After receiving his BS in agriculture studies, Hathaway attended Officer Candidate School and commissioned as an ensign in the US Navy, where he served on board the destroyer escort, USS McGinty, stationed in Pearl Harbor.
In the midst of controversy surrounding the Vietnam War, he was challenged to heal the divisive wounds of a church in Springfield, Virginia.
In the mid-1970s, Hathaway became involved with a group of conservative evangelical clergy and lay leaders in the establishment of Trinity Episcopal School for Ministry in Ambridge, Pennsylvania.

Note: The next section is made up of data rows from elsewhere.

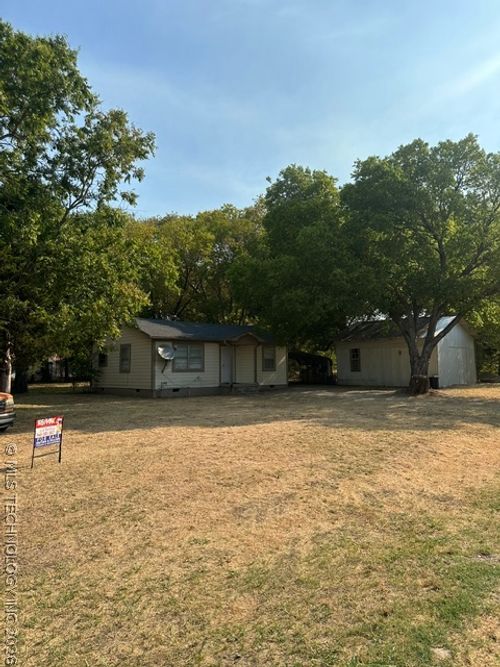 301 Pine Street, Marietta, OK, 73448 | Card Image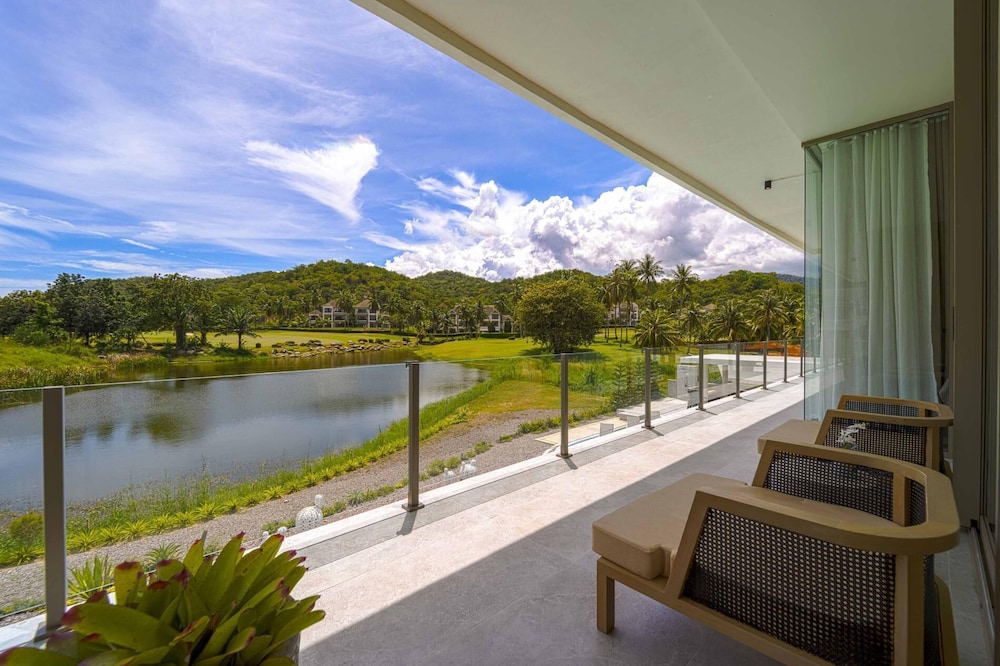 Ultra-Modern 6-Bedroom in GolfCourse PH6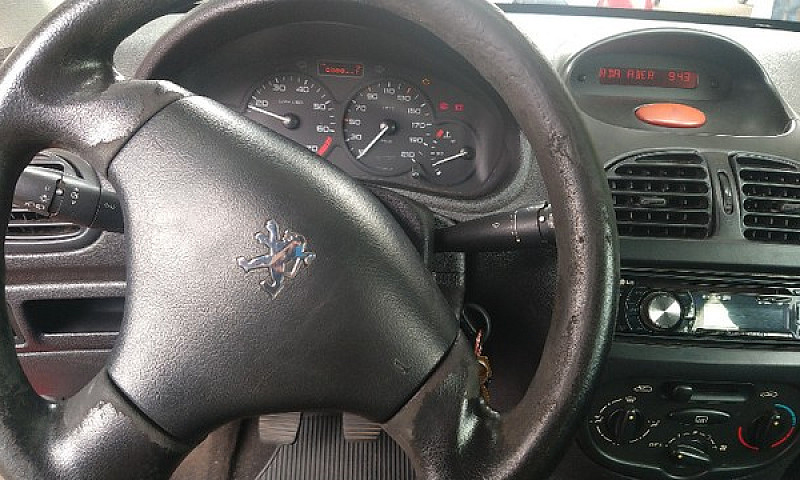 Peugeot 206 1.0 16V ...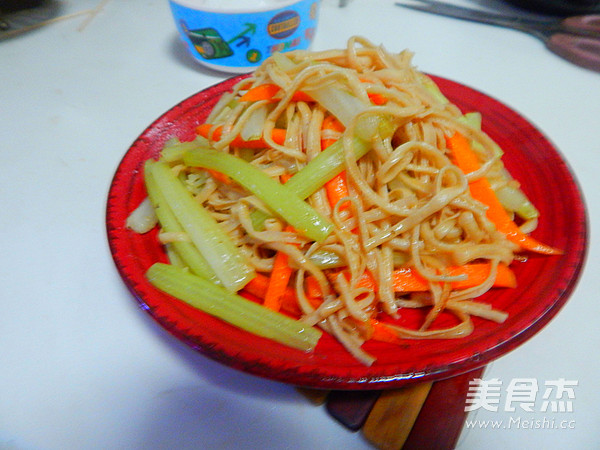 Stir-fried Shredded Beans with Celery recipe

During his time as Bishop of Pittsburgh, from 1983 to 1997, he preached, taught and challenged a commitment to evangelical renewal of the congregations and a dedication by the diocese to the priority of new church planting.
He encouraged the broad vision of a world embracing faith in ecumenical fellowship with other Christian bodies and vigorous working relationships with churches in lands beyond U.S. shores.
He always remained an orthodox Anglican, upholding the sanctity of human life, from conception to death, and rejecting homosexual relationships as unnatural.
[2] In 1997, Hathaway founded Solar Light for Africa, Ltd. (SLA) and helped spawn a program that has provided electricity for over 2400 rural facilities in eight sub-Saharan countries.
He was a member of Communion Partners, an Episcopalian group which opposed the 77th General Episcopal Convention's decision to authorize the blessing of same-sex marriages in 2012.